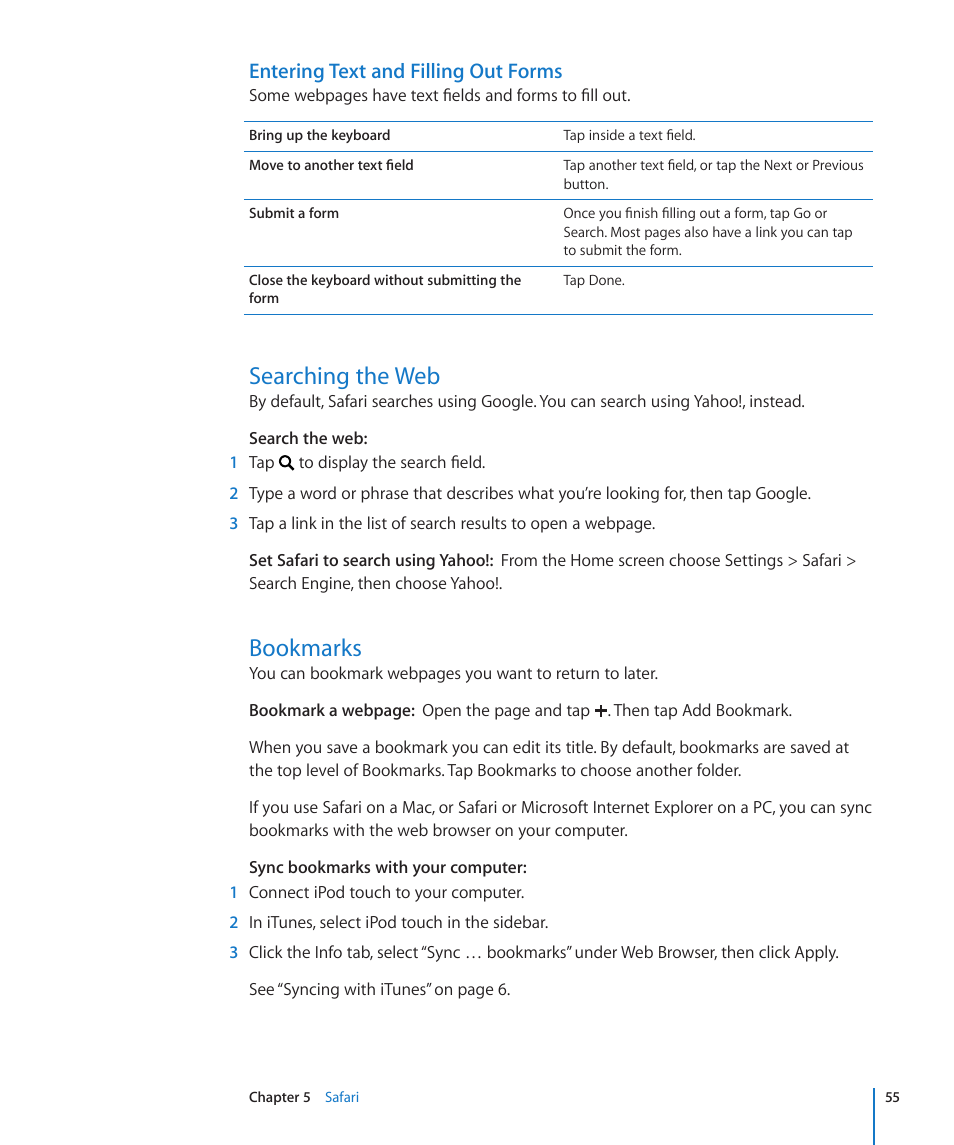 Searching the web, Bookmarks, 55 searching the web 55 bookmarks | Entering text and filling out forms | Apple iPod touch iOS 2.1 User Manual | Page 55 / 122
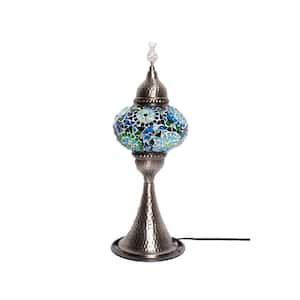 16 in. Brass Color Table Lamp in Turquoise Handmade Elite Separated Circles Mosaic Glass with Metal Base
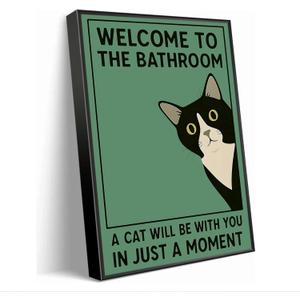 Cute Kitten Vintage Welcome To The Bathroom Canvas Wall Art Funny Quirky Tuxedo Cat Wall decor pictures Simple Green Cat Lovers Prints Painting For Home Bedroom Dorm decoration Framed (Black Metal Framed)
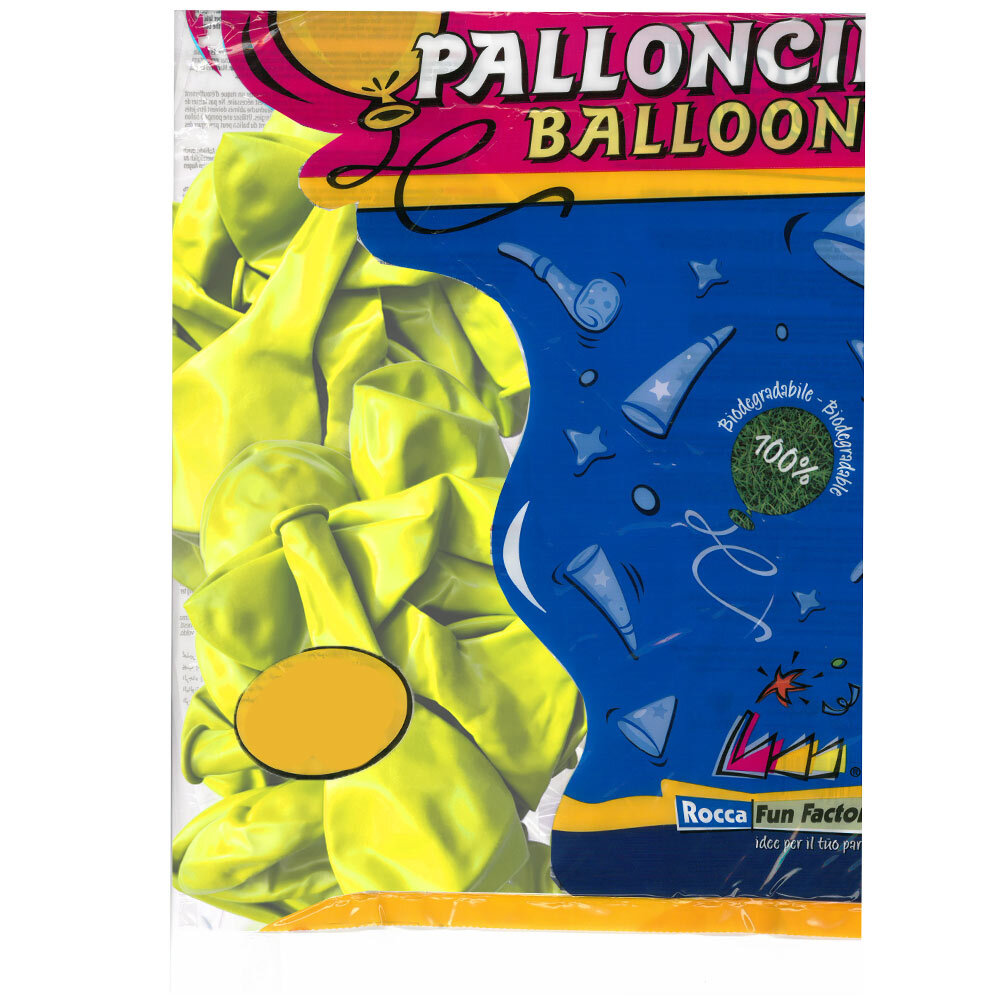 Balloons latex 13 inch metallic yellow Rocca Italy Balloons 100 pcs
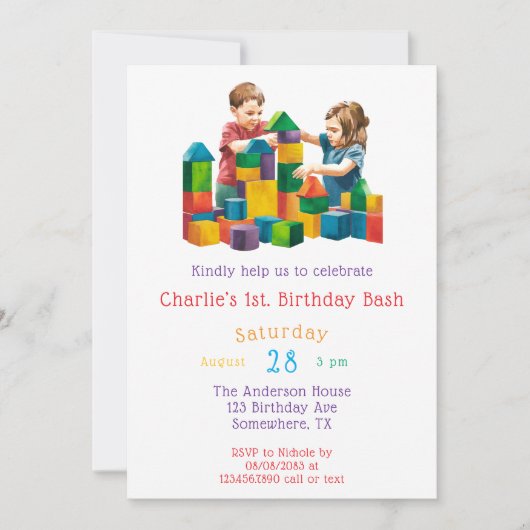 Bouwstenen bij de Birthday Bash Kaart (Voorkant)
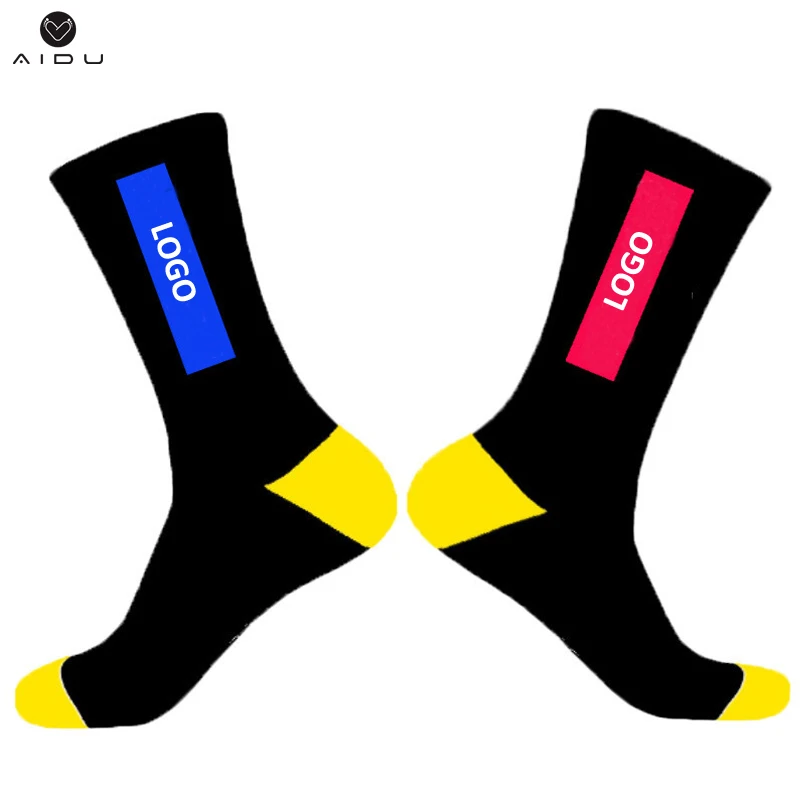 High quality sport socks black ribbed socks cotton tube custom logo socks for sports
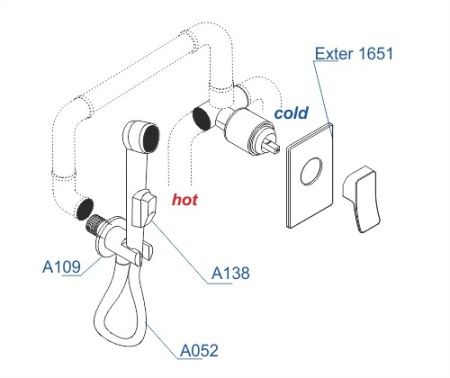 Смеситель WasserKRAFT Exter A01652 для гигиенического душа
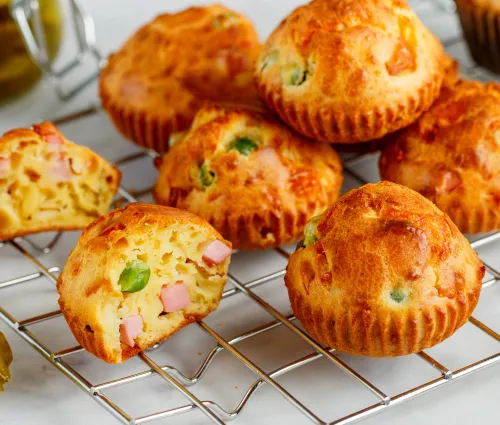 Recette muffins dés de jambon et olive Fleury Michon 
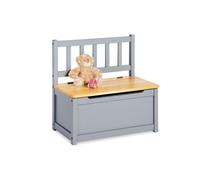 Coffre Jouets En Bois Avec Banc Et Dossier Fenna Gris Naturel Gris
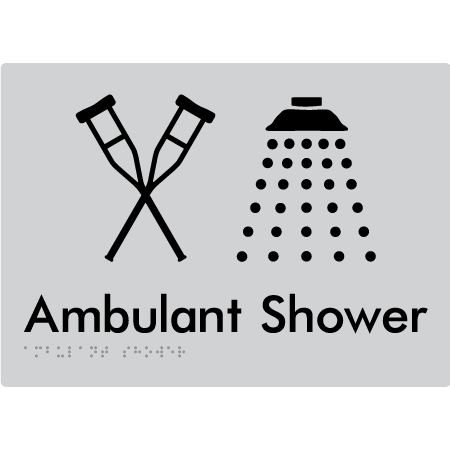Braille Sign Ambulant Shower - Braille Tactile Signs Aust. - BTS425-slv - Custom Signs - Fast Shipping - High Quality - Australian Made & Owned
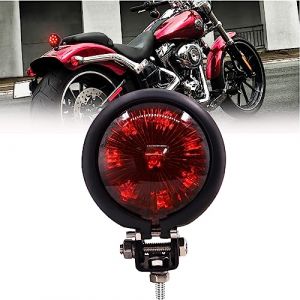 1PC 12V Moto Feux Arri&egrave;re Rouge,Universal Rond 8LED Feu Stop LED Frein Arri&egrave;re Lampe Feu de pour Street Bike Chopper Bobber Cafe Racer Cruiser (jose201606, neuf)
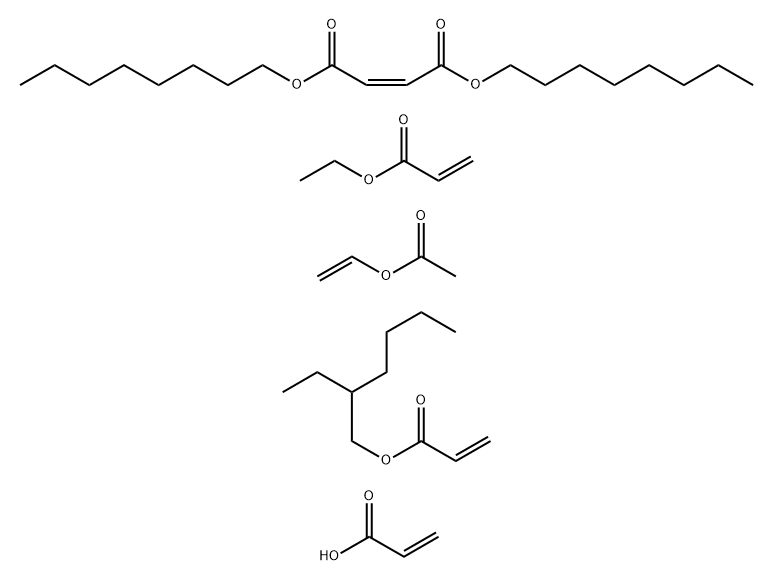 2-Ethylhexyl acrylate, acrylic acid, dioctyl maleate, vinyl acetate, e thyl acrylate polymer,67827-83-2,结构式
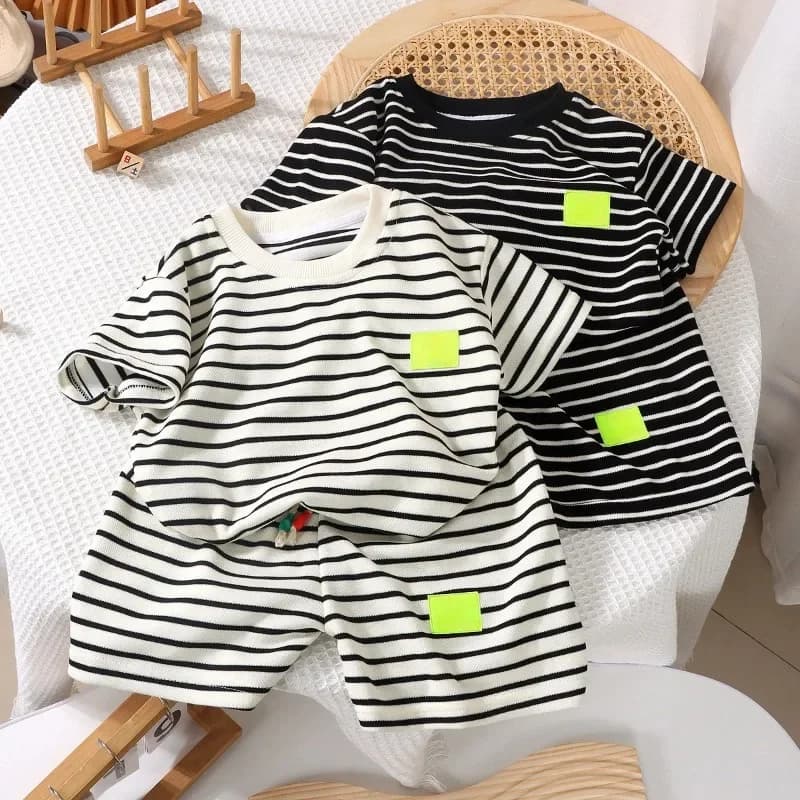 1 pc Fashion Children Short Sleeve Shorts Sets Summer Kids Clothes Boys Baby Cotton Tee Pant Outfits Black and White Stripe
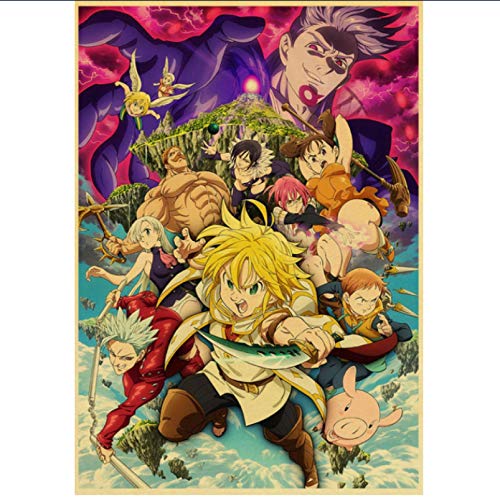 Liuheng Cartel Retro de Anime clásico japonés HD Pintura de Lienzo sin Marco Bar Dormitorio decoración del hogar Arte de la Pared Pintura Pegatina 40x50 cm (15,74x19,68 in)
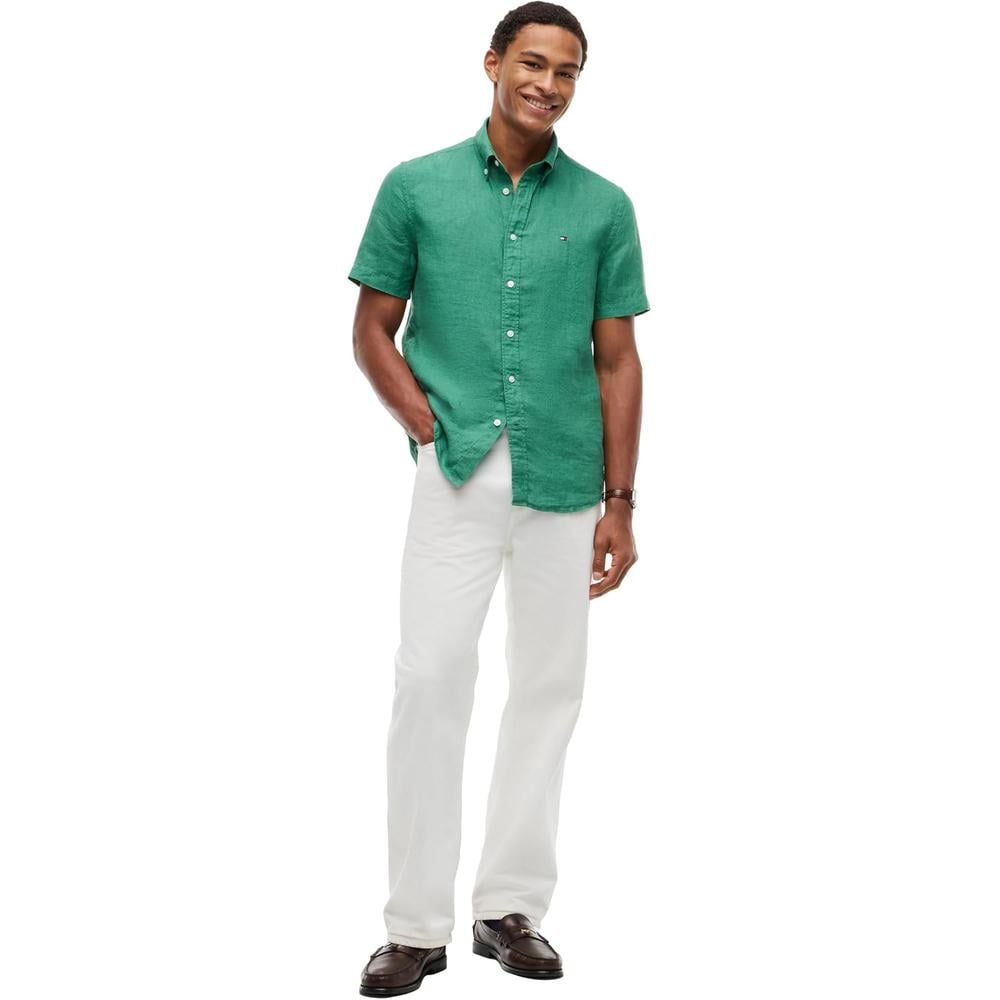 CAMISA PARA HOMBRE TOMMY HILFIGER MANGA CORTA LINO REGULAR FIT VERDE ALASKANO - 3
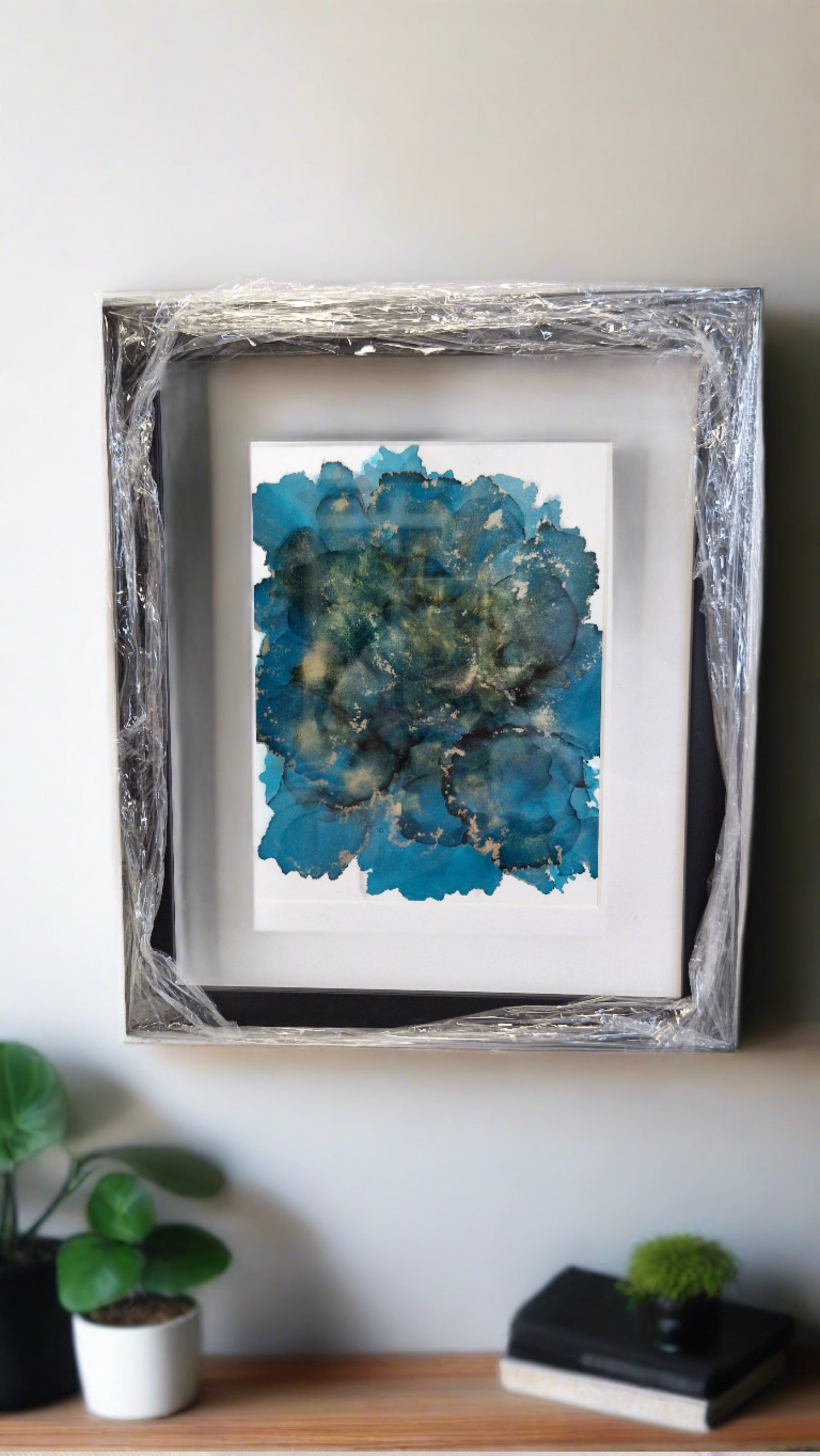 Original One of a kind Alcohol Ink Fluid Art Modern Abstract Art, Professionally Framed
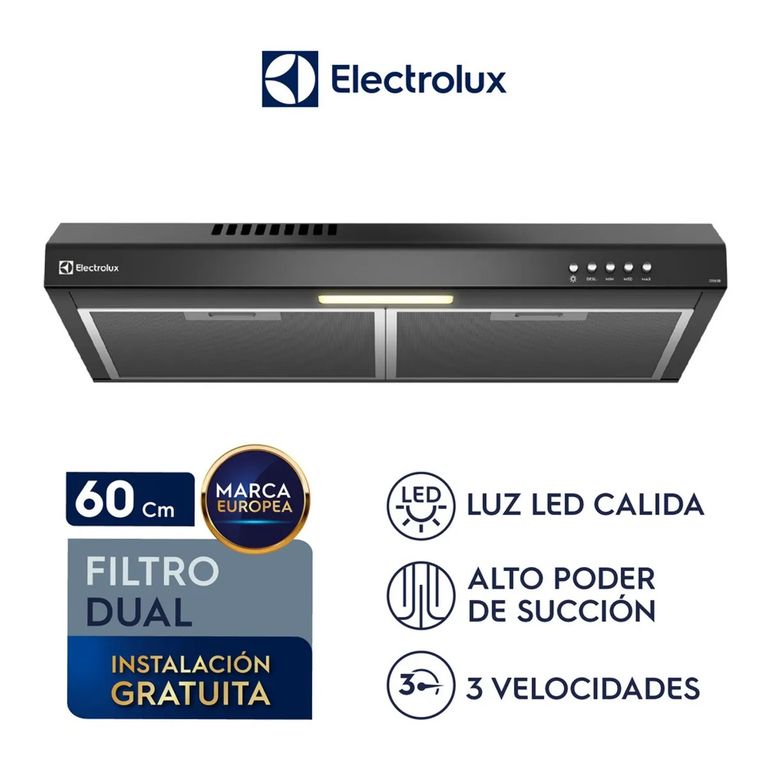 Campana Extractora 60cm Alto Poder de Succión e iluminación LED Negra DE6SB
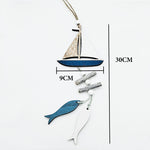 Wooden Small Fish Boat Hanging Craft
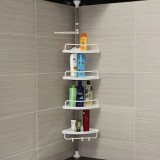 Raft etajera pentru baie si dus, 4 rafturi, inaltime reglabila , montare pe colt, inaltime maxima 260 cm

________________________________________

* REQUIRED WORK:
Reproduce the data word for word, excluding its pictures.

* ANSWER AREA:
 Searching the web, Bookmarks, 55 searching the web 55 bookmarks | Entering text and filling out forms | Apple iPod touch iOS 2.1 User Manual | Page 55 / 122
 16 in. Brass Color Table Lamp in Turquoise Handmade Elite Separated Circles Mosaic Glass with Metal Base
 Cute Kitten Vintage Welcome To The Bathroom Canvas Wall Art Funny Quirky Tuxedo Cat Wall decor pictures Simple Green Cat Lovers Prints Painting For Home Bedroom Dorm decoration Framed (Black Metal Framed)
 Balloons latex 13 inch metallic yellow Rocca Italy Balloons 100 pcs
 Bouwstenen bij de Birthday Bash Kaart (Voorkant)
 High quality sport socks black ribbed socks cotton tube custom logo socks for sports
 Смеситель WasserKRAFT Exter A01652 для гигиенического душа
 Recette muffins dés de jambon et olive Fleury Michon 
 Coffre Jouets En Bois Avec Banc Et Dossier Fenna Gris Naturel Gris
Braille Sign Ambulant Shower - Braille Tactile Signs Aust. - BTS425-slv - Custom Signs - Fast Shipping - High Quality - Australian Made & Owned
 1PC 12V Moto Feux Arri&egrave;re Rouge,Universal Rond 8LED Feu Stop LED Frein Arri&egrave;re Lampe Feu de pour Street Bike Chopper Bobber Cafe Racer Cruiser (jose201606, neuf)
 2-Ethylhexyl acrylate, acrylic acid, dioctyl maleate, vinyl acetate, e thyl acrylate polymer,67827-83-2,结构式
 1 pc Fashion Children Short Sleeve Shorts Sets Summer Kids Clothes Boys Baby Cotton Tee Pant Outfits Black and White Stripe
 Liuheng Cartel Retro de Anime clásico japonés HD Pintura de Lienzo sin Marco Bar Dormitorio decoración del hogar Arte de la Pared Pintura Pegatina 40x50 cm (15,74x19,68 in)
 CAMISA PARA HOMBRE TOMMY HILFIGER MANGA CORTA LINO REGULAR FIT VERDE ALASKANO - 3
 Original One of a kind Alcohol Ink Fluid Art Modern Abstract Art, Professionally Framed
 Campana Extractora 60cm Alto Poder de Succión e iluminación LED Negra DE6SB
 Wooden Small Fish Boat Hanging Craft
 Raft etajera pentru baie si dus, 4 rafturi, inaltime reglabila , montare pe colt, inaltime maxima 260 cm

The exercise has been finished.